To accelerate the process of materials design, materials science has increasingly used data driven techniques to extract information from collected data. Specially, machine learning (ML) algorithms, which span the ML discipline, have demonstrated ability to predict various properties of materials with the level of accuracy similar to explicit calculation of quantum mechanical theories, but with significantly reduced run time and computational resources. Within ML, graph neural networks have emerged as an important algorithm within the field of machine learning, since they are capable of predicting accurately a wide range of important physical, chemical and electronic properties due to their higher learning ability based on the graph representation of material and molecular descriptors through the aggregation of information embedded within the graph. In parallel with the development of state of the art classical machine learning applications, the fusion of quantum computing and machine learning have created a new paradigm where classical machine learning model can be augmented with quantum layers which are able to encode high dimensional data more efficiently. Leveraging the structure of existing algorithms, we developed a unique and novel gradient free hybrid quantum classical convoluted graph neural network (HyQCGNN) to predict formation energies of perovskite materials. The performance of our hybrid statistical model is competitive with the results obtained purely from a classical convoluted graph neural network, and other classical machine learning algorithms, such as XGBoost. Consequently, our study suggests a new pathway to explore how quantum feature encoding and parametric quantum circuits can yield drastic improvements of complex ML algorithm like graph neural network.

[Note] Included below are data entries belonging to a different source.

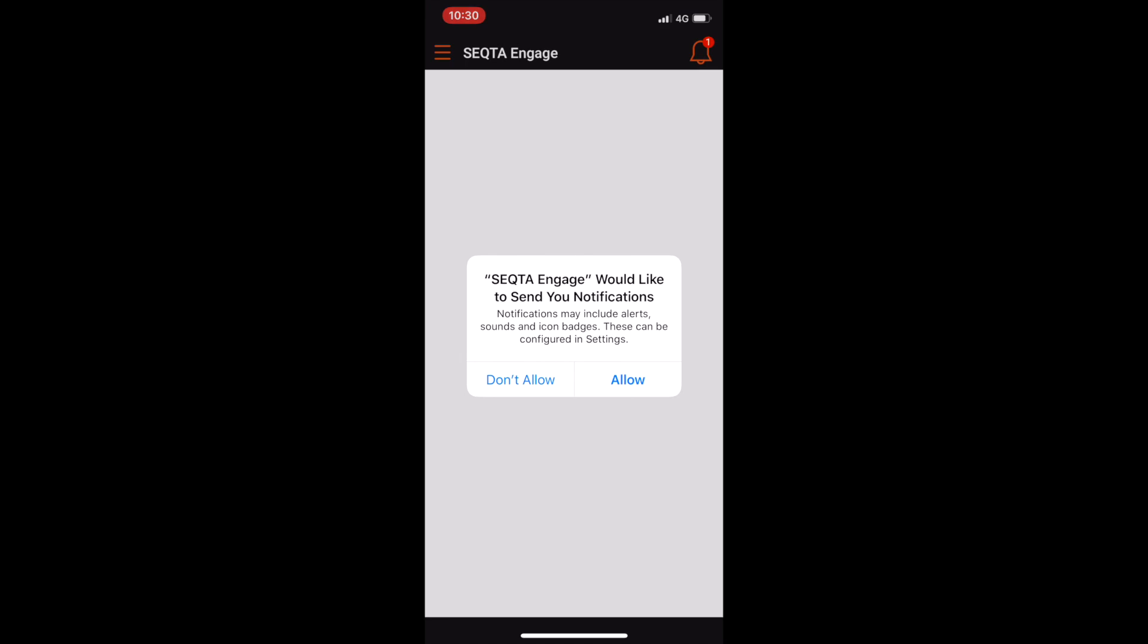And then it will ask if you would like Sector Engage to send you notifications. By selecting allow you will receive notifications from Sector Engage on your mobile device.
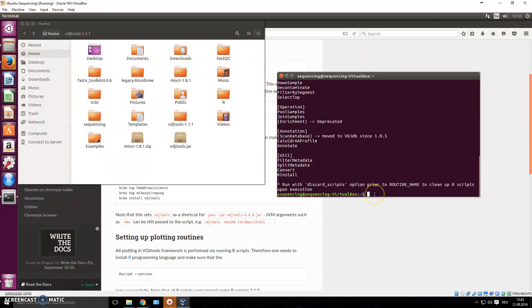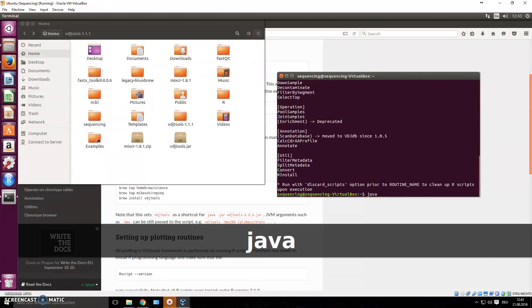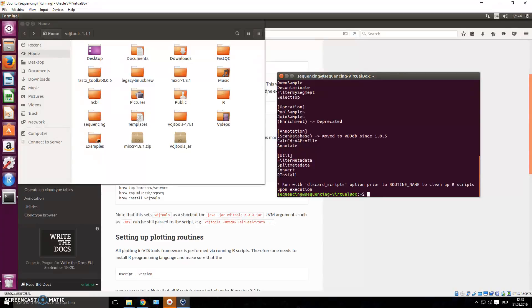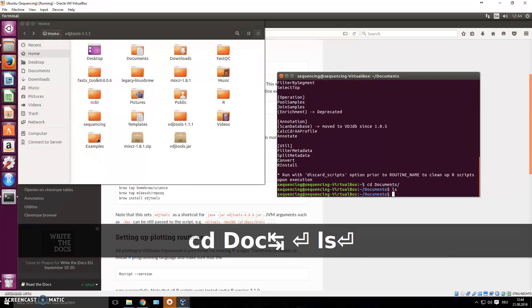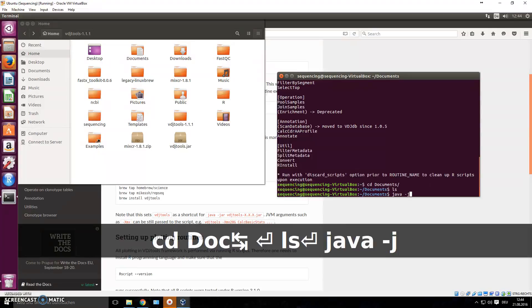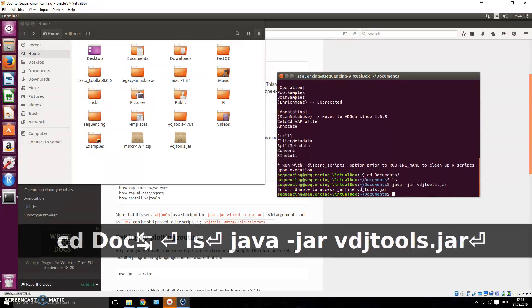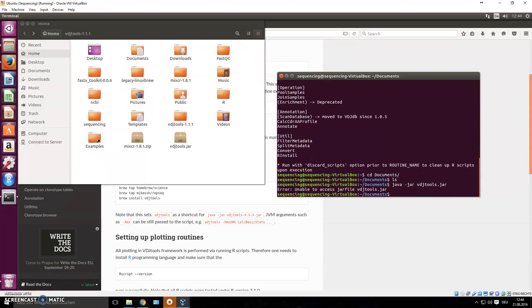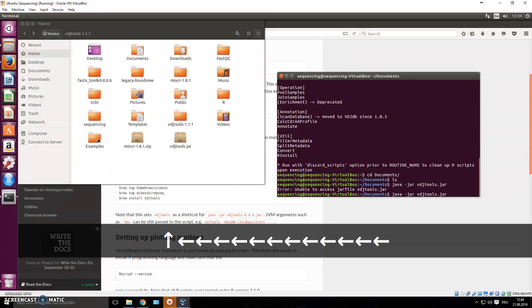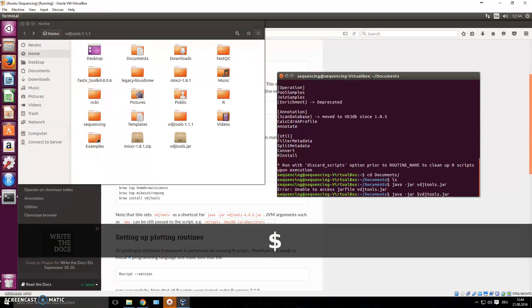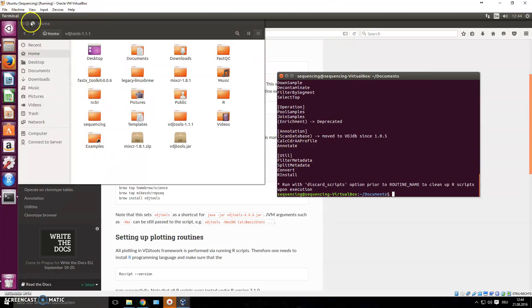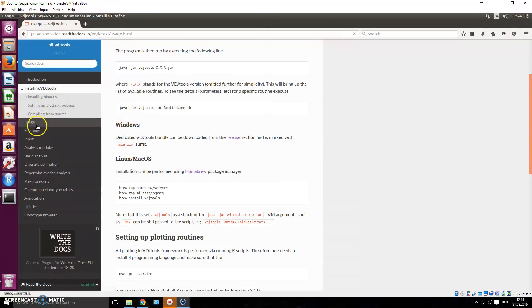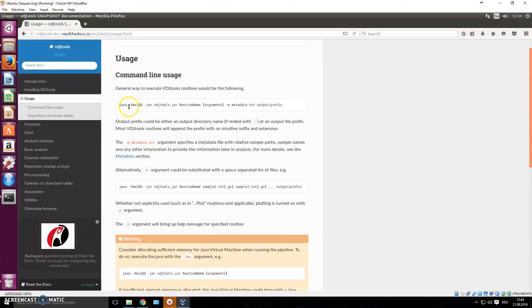If you have the same issue, this is how you solve it. If you do it this way, you'll always have to give the location of the jar. For instance, if we're in Documents and run 'java -jar vdj_tools.jar' it gives the error again. So press arrow up to get the command back, and give the location using the $HOME variable in all capital letters. Now it starts just like normal.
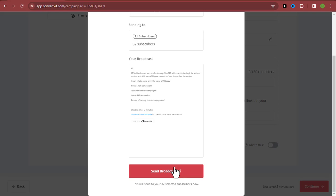It is very easy and simple to start sending bulk emails using ConvertKit. If you have any questions, let me know in the comment section below. If you found this video helpful, please smash the like button. I'll see you in my next video — take care and bye!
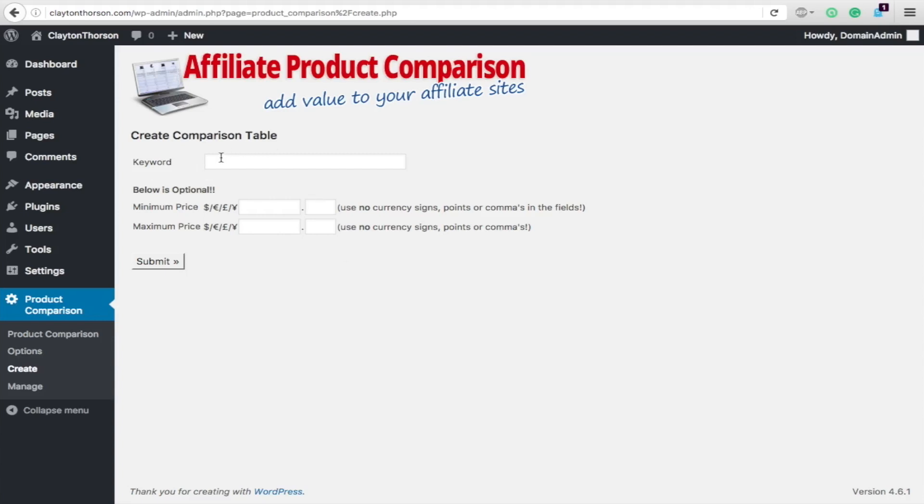So let's just do create. We're going to do a nice trending keyword. We'll do iPhone 6. And then you can set prices if you want.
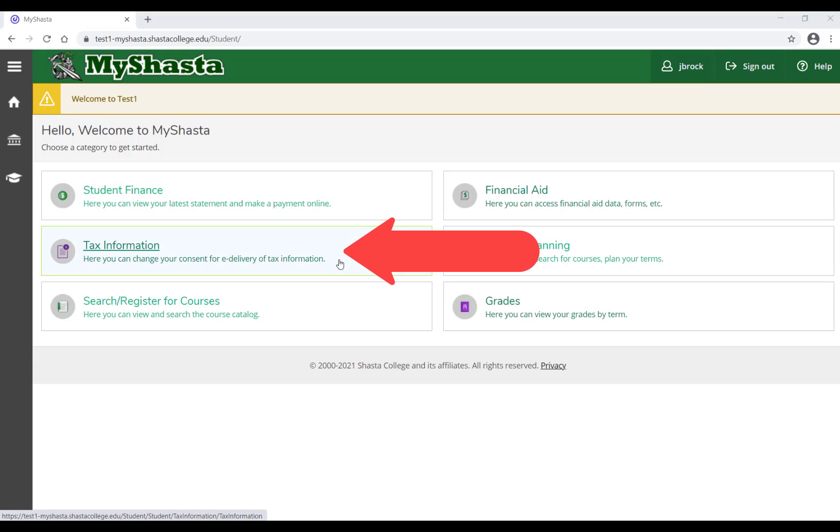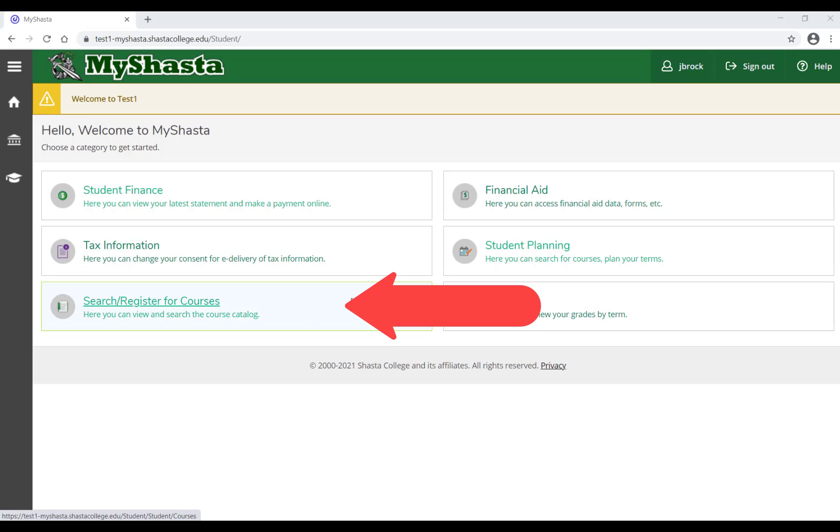To view your 1098-T and consent for electronic delivery of it, click Tax Information. To view and search the course catalog and register for courses, select Search/Register for Courses.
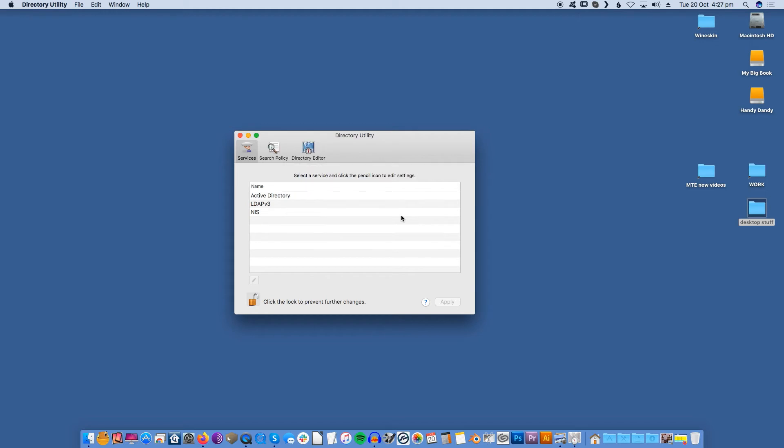If you want to disable the root user at any point, then relaunch the Directory Utility, but this time select Edit > Deactivate Root User.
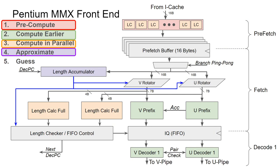So now if we go back to the list of optimization methods, you can see that most of them were applied in this new front-end implementation. Pre-computation is used by the pre-decoder. Earlier computation is used by moving the prefix accumulation earlier in the pipeline. Parallel computation is used in the parallel full-length calculators and the parallel pre-decoders. An approximate computation is used in the pre-decoder combined with the length accumulator. Notice how these methods were applied in a different way from the original Pentium, further increasing the front-end performance. Anyway, this was only the beginning of increasing x86 front-end complexity. In the next part, we will look at the AMD K6 and the Intel P6 front-ends, which took a similar yet different approach to the Pentium MMX. Until next time, thanks for watching.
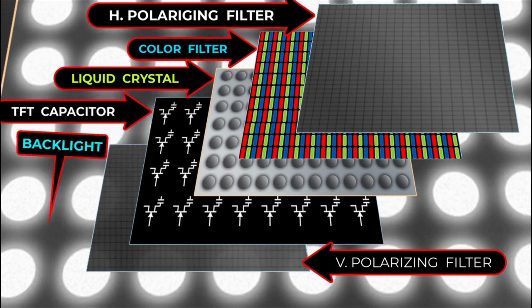Now we can look at the several layers that make up the panel of an LCD TV. Below is the LED backlight system. Above that is the vertical polarizing filter layer and above that is the TFT capacitor transistor layer. Next is the liquid crystal layer. Next is the color filter layer with pixels that I mentioned earlier and on top is the horizontal polarizing layer. The image is created on this top layer.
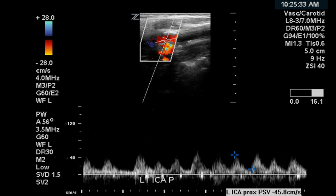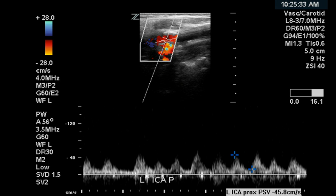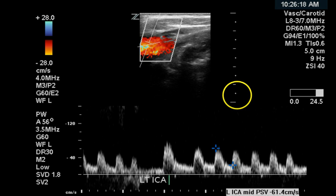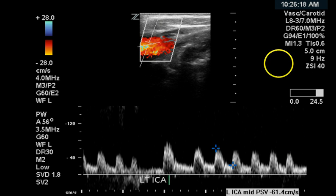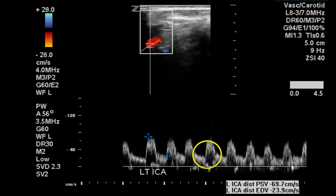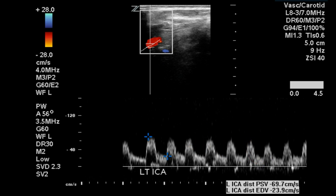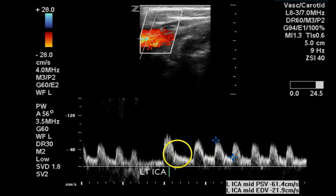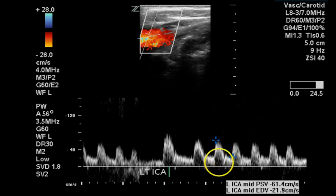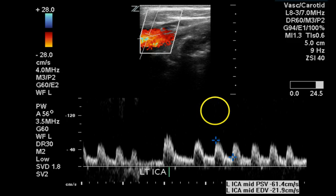The left internal carotid artery gives a peak systolic signal of approximately 45 centimeters per second, which is normal. In the mid ICA, again there are signs of arrhythmia and rapid heart rate, but a nice spectral window, a normal waveform, and normal velocities are demonstrated.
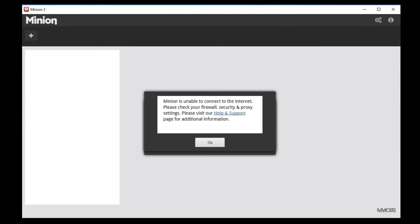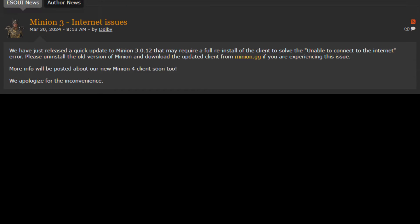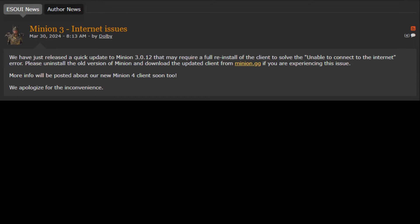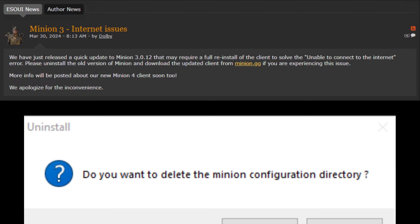Quick news: in the past few days, a lot of people have had issues with Minion connecting to the internet. It's not a Windows firewall or ESP problem — the devs released a new app version to fix that.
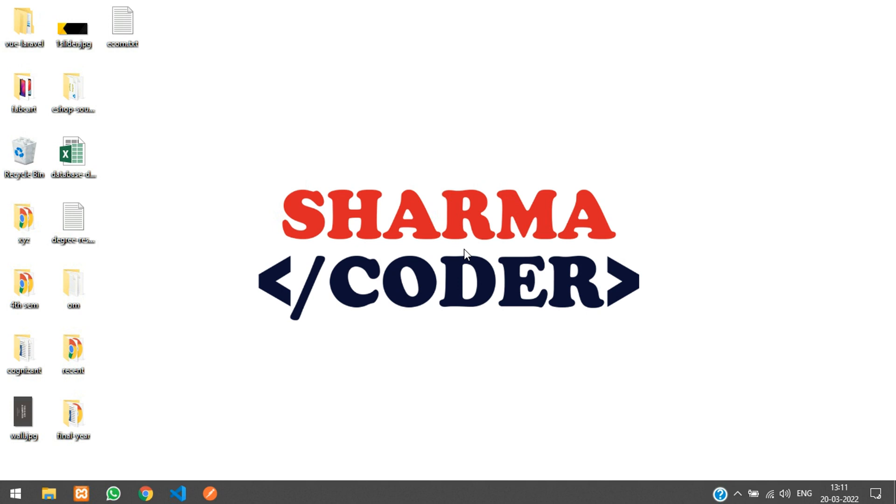Hey guys, welcome back. So in this video we are going to see how to set the nav item to active in our PHP project.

翻译：为加速材料设计过程，材料科学日益采用数据驱动技术从收集的数据中提取信息。尤其是机器学习（ML）算法——涵盖整个机器学习学科——已展现出预测材料各种属性的能力，其准确度与量子力学理论的显式计算相当，但运行时间和计算资源显著减少。在机器学习领域，图神经网络已成为重要算法，因其基于材料和分子描述符的图表示（通过聚合图内嵌入的信息）具有更强的学习能力，能够准确预测一系列重要的物理、化学和电子属性。在与最先进经典机器学习应用发展的同时，量子计算与机器学习的融合催生了一种新范式：经典机器学习模型可通过添加量子层进行增强，这些量子层能够更高效地编码高维数据。利用现有算法结构，我们开发了一种独特新颖的无梯度混合量子经典卷积图神经网络（HyQCGNN），用于预测钙钛矿材料的形成能。我们的混合统计模型性能与纯经典卷积图神经网络及其他经典机器学习算法（如XGBoost）的结果相当。因此，本研究探索了一条新路径，以揭示量子特征编码和参数化量子电路如何能够显著改进图神经网络等复杂机器学习算法。